Hablamos también del independentismo catalán, claro, de esa especie de religión que al que más y al que menos, sobre todo si se participa activamente en el debate público, y Sabino lo hace, ha costado amigos. «Yo no he retirado la palabra a ningún amigo ni he dejado de quedar con él porque se convirtiera en independentista», explica, «opción que me parece errónea pero legítima. Desgraciadamente, no puedo decir lo mismo a la inversa. Algunos amigos nacionalistas me retiraron la palabra y dejaron de responder a mis invitaciones cuando aparecí entre el grupo fundador de Ciutadans, incluso aunque nunca militara en el partido. Defender algo que no fuera nacionalista ya me convertía en un hereje y un proscrito, lo cual te puede dar una idea del valor sectario y democrático de cada una de las opciones. El extremismo desgraciadamente no terminará jamás bajo ninguna de sus formas. Es un defecto de fábrica muy desagradable del ser humano. Pensar cuesta más esfuerzo que creer». Barcelonés hasta la médula, desde esa disidencia que es hoy allí no declarase nacionalista, reivindica su amor por la ciudad: «Me encanta mi ciudad. Me encanta su clima, su geografía, su comida. De Madrid me encanta su gente, su grandiosidad, su actividad, sus perspectivas amplias. Barcelona es más cálida pero más ñoña. Madrid es más revitalizante intelectualmente. Te mantiene más vivo, aunque estresa. Madrid es una maravilla. Cuando lo digo en mi ciudad de nacimiento eso irrita, porque la rivalidad se ha convertido ya casi en algo estúpidamente patológico. Es un privilegio disfrutar de ambas ciudades y de una dualidad como esa: mar y meseta a gran altura. Ya la querrían para sí los franceses o ingleses que los pobres solo tienen una: Londres o París, sin competencia».
Sabino solitario
Por Javier Menéndez Flores
Estaba guapo Marlon Brando con aquella perfecto y la gorra ladeada sobre su robusta cabeza, apoyado en su Triumph Thunderbird del 52. James Dean era una tormenta con patas en su rebeldía porque sí, o a la derecha del paraíso, o bañado en petróleo y más solo que un perro. Elvis sonreía como sólo saben hacerlo los dioses, y cada uno de sus movimientos despedía el erotismo de los vencedores. Y sonaban las alentadoras canciones de Eddie Cochran. Y Lou Reed susurraba versos desde el infierno. Y Bowie era un marciano al que no podías dejar de mirar. Cuando Sabino Méndez absorbió con avaricia todo aquel imaginario, aún era un niño. Pero su hambre de épica lo empujó a rellenar cuadernos de historias que con suerte verían algún día la luz.

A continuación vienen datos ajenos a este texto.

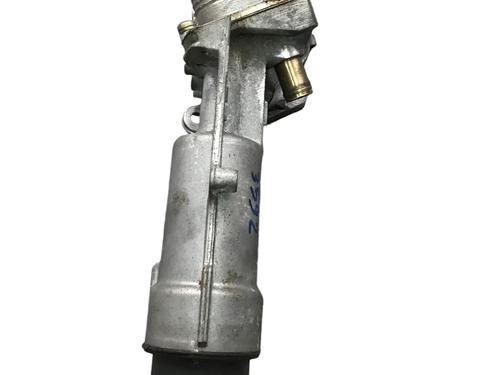 Support MERCEDES-BENZ C-CLASS T-Model (S203) C 180 Kompressor (203.246) | BP20332662C155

Igual que en una novela o una película, hay un salto temporal y estamos ya en otro escenario. En un escenario, de hecho. El tipo alto que canta, y que monopoliza los focos, recita las letras que, en noches de fiebre e insomnio, inventó el guitarrista que está detrás de él. Ese músico con chupa de cuero que toca como si no se encontrara allí. Y sólo este parece saber que para que la proa corte las aguas se necesitan unas velas poderosas. En los años ochenta, él, Sabino, fue esas velas. O por ser precisos: sus relatos, capaces de apresar emociones universales.
Tres cumbres del rock español llevan su firma, Rock ‘n’ roll star, Cadillac solitario y En las calles de Madrid. Sólo por esas canciones merece un monumento. Porque si las metes en un robot de cocina, el guiso que sale lo tiene todo. Y porque medio país se ha emborrachado, enamorado o llorado con ellas, y al lado de eso la fama es calderilla.
Catalán con los balcones abiertos, Sabino definió la Movida con una suerte de eslogan: «Tomamos las calles, las camas, los bares y las galerías». Fue por entonces cuando un aguijonazo le reveló «la aspirina total», aunque pronto los arcoíris se transformaron en postales tenebrosas. A punto de sucumbir, un aliento impensado entró en él y le entregó un flotador cargado de respuestas. Y dejó la música por un tiempo y se puso a estudiar, porque quiso vivir y ser mejor. Puede que los días perfectos fueran sólo una ilusión, o quizá no. Pero en los desvanes de la culpa la duda cotiza a la baja, y siempre que el pasado vuelve deja un regusto salobre en el paladar.
Las poses estudiadas al milímetro y las frases efectistas pero huecas, memorizadas con el único propósito de epatar, nada saben de la majestad. La majestad tiene que ver con mantener el tipo aunque dentro de uno se esté librando una guerra. Es estar jodido y pensar, inexplicablemente, en Steve McQueen y Ali MacGraw tumbados en una cama repleta de dólares. O en los Beatles despidiéndose del mundo en una azotea de Londres. O en Robert Redford dormido en un taburete y Barbra Streisand sintiéndole entero con sólo rozarle el flequillo. O en aquel concierto en el que el público y los demás músicos se desvanecieron y sólo quedó él, Sabino. Y uno de sus héroes de la infancia surgió como en un sueño, le guiñó un ojo y levantó el pulgar. La misma noche en que entendió a qué sabía la gloria.
Cadillac solitario es el canto de un corazón roto, pero resulta imposible saber cuántos otros corazones ha unido. Cada día, con ella de fondo, alguien comienza a teclear: «No encontraba una excusa para escribirte…». La vida, tantas veces una balada a deshoras.